◆ Extracted data:
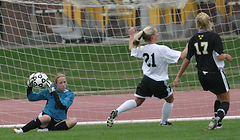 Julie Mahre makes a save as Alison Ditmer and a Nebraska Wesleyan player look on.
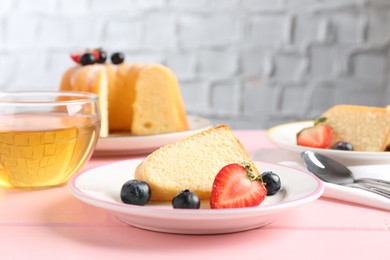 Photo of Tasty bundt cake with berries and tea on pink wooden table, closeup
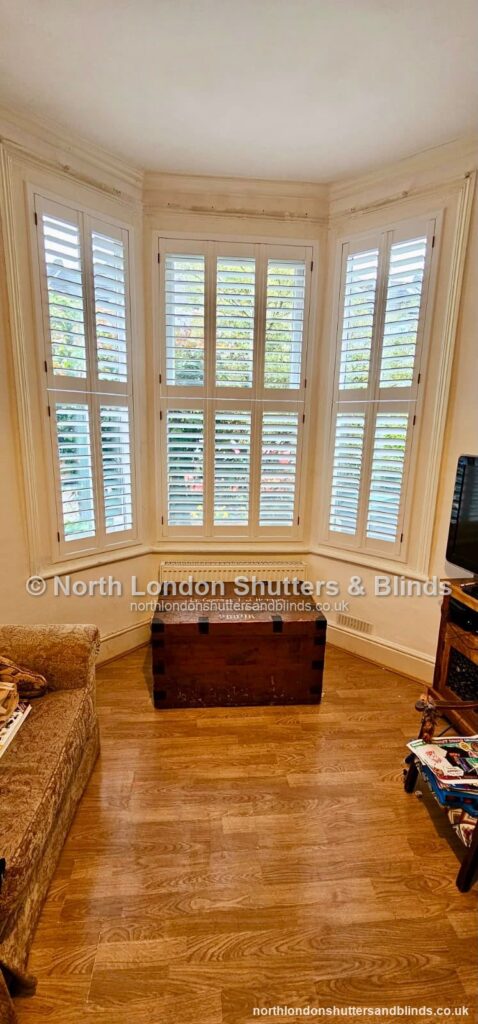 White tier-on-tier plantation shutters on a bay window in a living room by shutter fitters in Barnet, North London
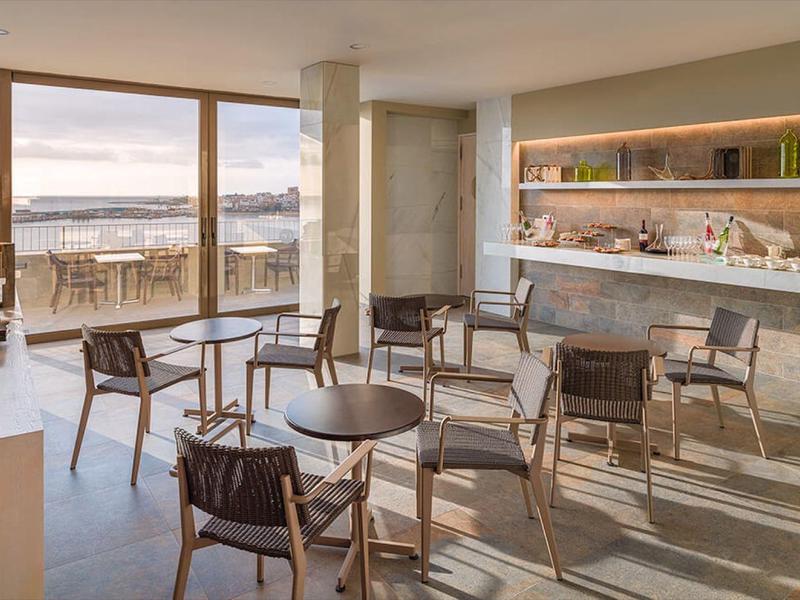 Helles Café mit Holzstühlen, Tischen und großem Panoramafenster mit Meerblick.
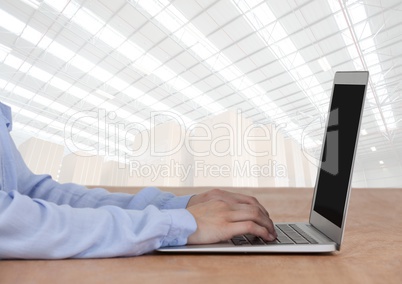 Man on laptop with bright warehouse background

◆ What the task requires: Emit the lines of the material exactly, from its first line to the line containing "Helles Café mit", inclusive; leave every picture out.

◆ Result:
 Julie Mahre makes a save as Alison Ditmer and a Nebraska Wesleyan player look on.
 Photo of Tasty bundt cake with berries and tea on pink wooden table, closeup
 White tier-on-tier plantation shutters on a bay window in a living room by shutter fitters in Barnet, North London
 Helles Café mit Holzstühlen, Tischen und großem Panoramafenster mit Meerblick.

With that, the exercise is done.